- What you have to do: Transcribe all the data below exactly, leaving its pictures out.

[Excerpts from a dataset]

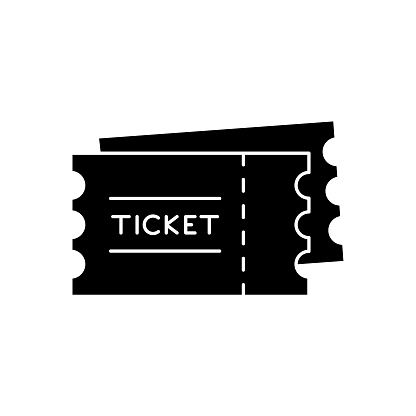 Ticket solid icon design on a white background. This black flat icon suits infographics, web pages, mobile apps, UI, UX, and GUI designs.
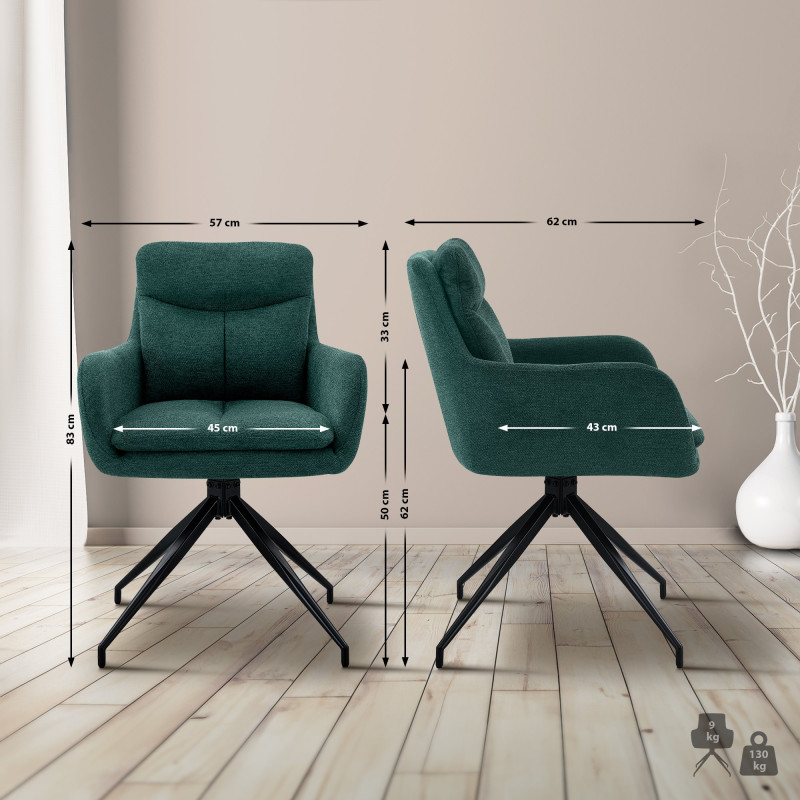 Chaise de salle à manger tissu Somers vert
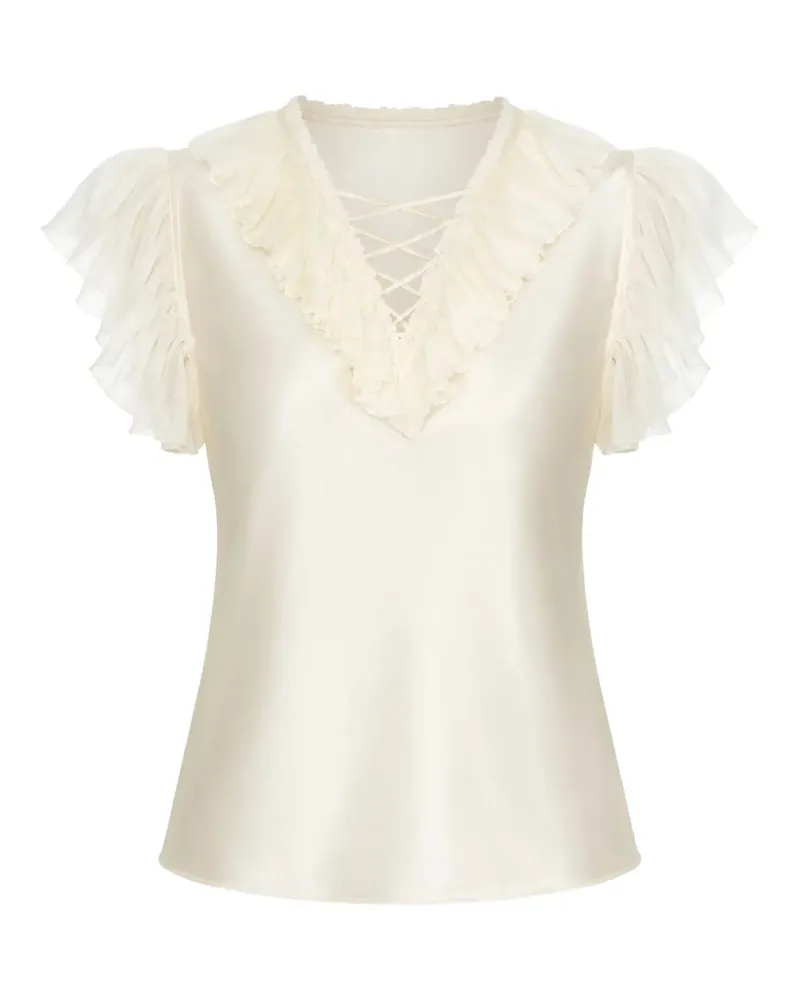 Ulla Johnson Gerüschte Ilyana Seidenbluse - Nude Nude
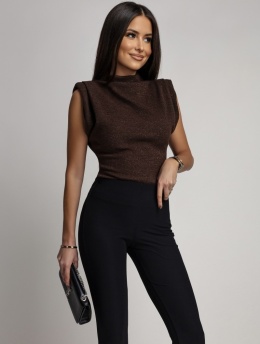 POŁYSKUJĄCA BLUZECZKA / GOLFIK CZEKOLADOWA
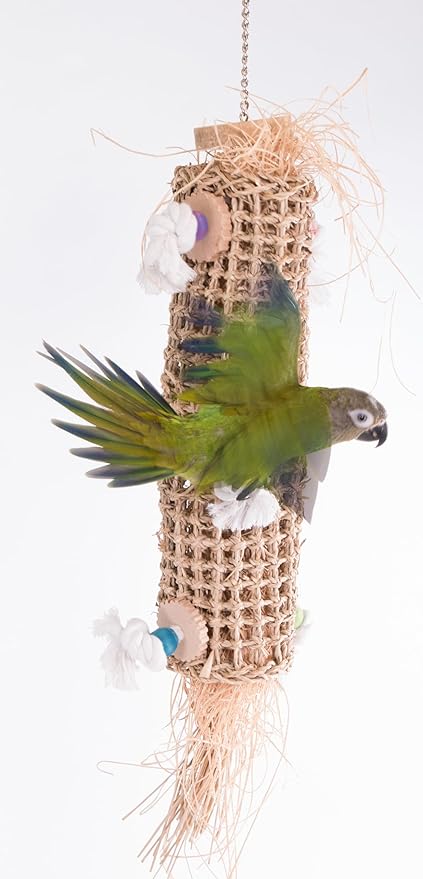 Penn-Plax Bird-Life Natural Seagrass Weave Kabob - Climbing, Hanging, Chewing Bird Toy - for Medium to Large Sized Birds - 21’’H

- Reply to the task:
 Ticket solid icon design on a white background. This black flat icon suits infographics, web pages, mobile apps, UI, UX, and GUI designs.
 Chaise de salle à manger tissu Somers vert
 Ulla Johnson Gerüschte Ilyana Seidenbluse - Nude Nude
 POŁYSKUJĄCA BLUZECZKA / GOLFIK CZEKOLADOWA
 Penn-Plax Bird-Life Natural Seagrass Weave Kabob - Climbing, Hanging, Chewing Bird Toy - for Medium to Large Sized Birds - 21’’H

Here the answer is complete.